[Exercise aim]
An exact, complete printout of the listing is wanted, minus its images.

[Given data]
%%

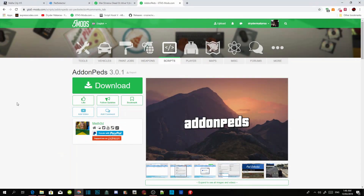This video is all about add-on peds and how to install add-on peds in your Grand Theft Auto V folder. Make sure you download all the requirements listed in the description, and make sure that you download NativeUI.dll version 1.8. Make sure that all of the requirements are up to date.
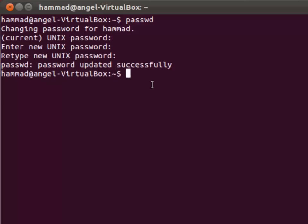So this is how you change the password for user as a root user. Also user can change the password with the help of passwd command. So thank you very much.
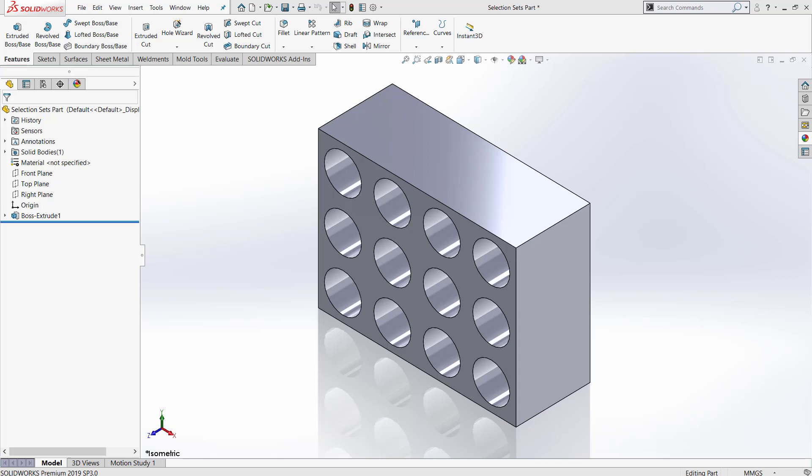Creating a selection set will save you time if you are finding yourself manually selecting the same set of entities in a model. They can be used in either part or assembly level.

%%

[Your response]
This video is all about add-on peds and how to install add-on peds in your Grand Theft Auto V folder. Make sure you download all the requirements listed in the description, and make sure that you download NativeUI.dll version 1.8. Make sure that all of the requirements are up to date.
So this is how you change the password for user as a root user. Also user can change the password with the help of passwd command. So thank you very much.
Creating a selection set will save you time if you are finding yourself manually selecting the same set of entities in a model. They can be used in either part or assembly level.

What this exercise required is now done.